Depuis la loi de 2022, le
mécanisme d’irresponsabilité pénale a été étendu aux faits portant sur les
atteintes aux biens. Si la liste des infractions
pouvant être dénoncées par le lanceur d’alerte a été complétée en 2022, « plusieurs
questions continuent d’être posées », remarque Claudia
Ghica-Lemarchand.
Il est exigé par le code
pénal que le lanceur d’alerte ait eu connaissance des informations de façon
licite. Cela veut dire que certaines infractions dénoncées, de par leur nature,
sont exclues de la clause permettant au lanceur d’alerte de bénéficier d’une
irresponsabilité pénale. Par exemple, un lanceur
d’alerte qui aurait eu connaissance des informations en s’introduisant
illégalement dans un système informatique sera exclu du dispositif de
protection juridique, de même qu’après une atteinte à la vie privée des
personnes.
Dans
la fonction publique, une situation complexe pour les lanceurs d’alerte
Il existe donc un risque
juridique réel pour le lanceur et il est « indispensable de sécuriser
autant que nécessaire le parcours de l’auteur des alertes », considère
Aude Cavaniol, maître de conférences à l’université Rennes 2. Cela est d’autant plus
important dans le secteur social et médico-social qui traverse une « crise
d’attractivité majeure » lourde de conséquences sur la qualité de
service. Cette situation engendre des « risques accrus de maltraitance »
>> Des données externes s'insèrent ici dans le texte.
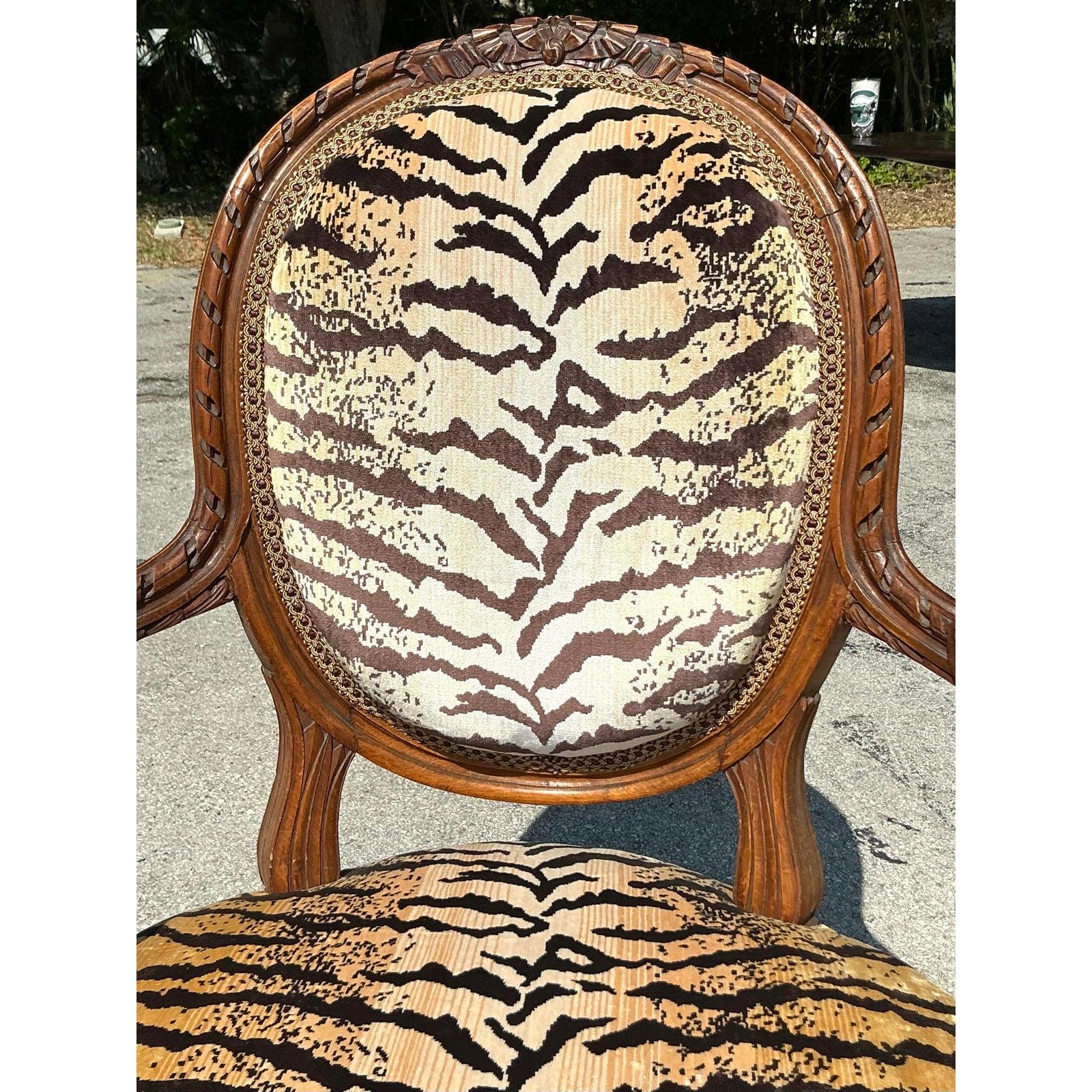 Vintage Regency Medaillon zurück Scalamandre Arm Stühle - ein Paar im Zustand „Gut“ im Angebot in west palm beach, FL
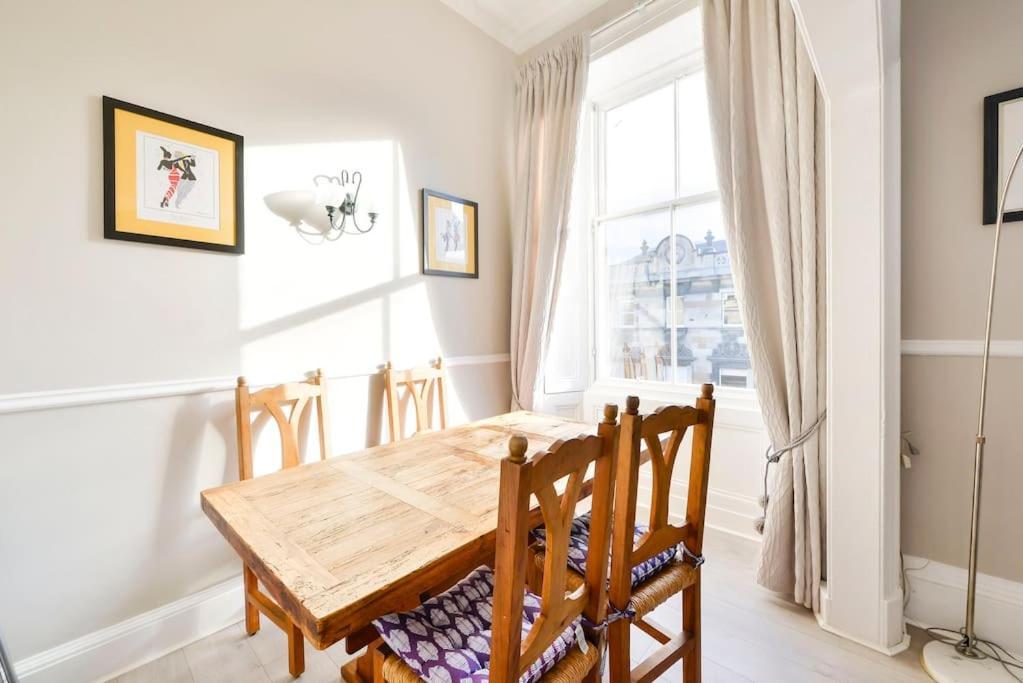 George IV Bridge - Superbly Located 3 Bedroom! Edinburgh Ngoại thất bức ảnh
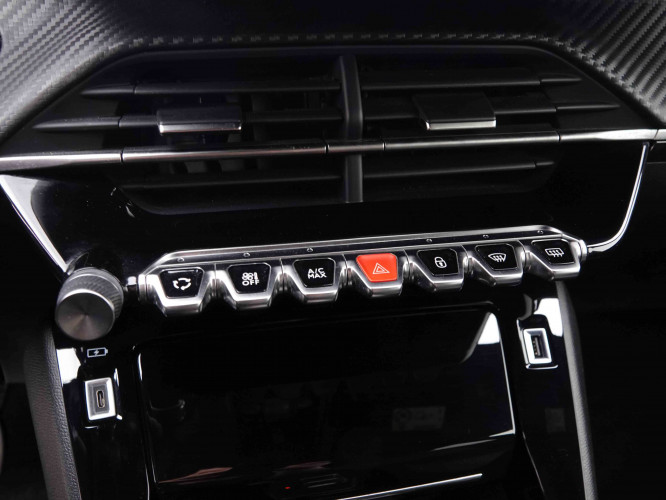 PEUGEOT_PEUGEOT_E_2008_2548608_12.jpg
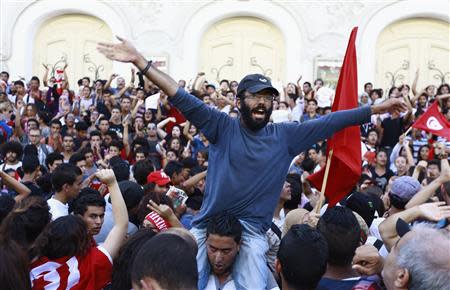 Protesters shout slogans during a demonstration to call for the departure of the Islamist-led ruling coalition in Avenue Habib-Bourguiba in central Tunis October 23, 2013. REUTERS/Anis Mili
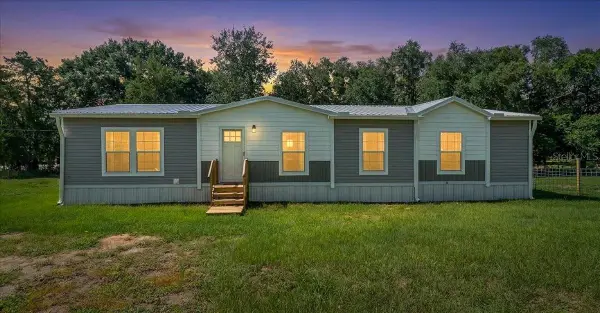 14450 SE Sunset Harbor Road, WEIRSDALE, FL 32195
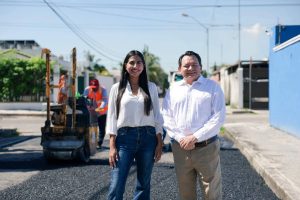 Joaquín Díaz Mena supervisó los trabajos de bacheo en 57 calles del fraccionamiento Limones, en el norponiente de Mérida.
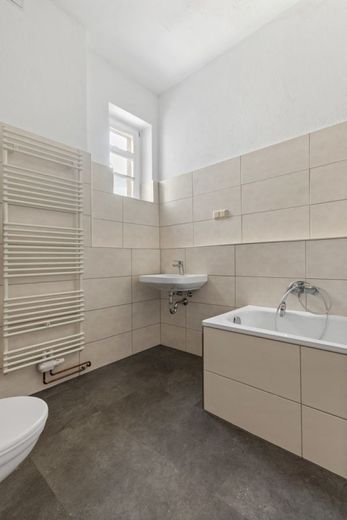 Schicke 4-Raumwohnung in der City! – Bad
et il est « incontournable » de mettre en place de dispositifs
d’alertes « efficaces et sûrs », enchaine la professeure.
Dans la fonction publique, de
nombreuses mesures ont été prises depuis 25 ans pour protéger les agents. Le Code général de la fonction publique contient ainsi plusieurs articles qui
protègent le signalement de faits susceptibles d’être qualifiés de conflits
d’intérêts, de crimes ou délits, ainsi que des mesures de protection pour les
personnes ayant signalé ou témoigné de tels faits.
On trouve aussi des
dispositifs spécifiques d’alerte en matière de discrimination, de harcèlement
ou encore d’atteintes à l’intégrité physique. Cependant, il existe de
nombreux « obstacles légaux » aux lanceurs d’alerte comme le
secret médical qui est exclu du régime juridique de l’alerte, aussi bien pour
les agents publics que pour les salariés du privé, indique Aude Cavaniol.
A ces obstacles légaux, il
s’ajoute les défauts d’information des agents par l’administration sur leurs
droits en matière de signalement. En effet, la « connaissance
des dispositifs constitue un enjeu essentiel qui conditionne leur déploiement
et c’est pourquoi des obligations d’information sont imposées ». Or « il
arrive que des responsables locaux communiquent peu voire pas du tout »
sur les dispositifs d’alerte.
Cette faible communication ne
favorise pas en France l’émergence d’une « culture de l’alerte »
alors même qu’on observe un « empilement » des dispositifs de
protection, aussi bien dans le droit général que sectoriel, regrette
l’intervenante. Pour autant, la question de
la maltraitance dans le secteur social et médico-social ne se réglera pas
uniquement avec des dispositions juridiques, mais aussi et surtout grâce à un
effort collectif de revalorisation des métiers et des conditions de travail.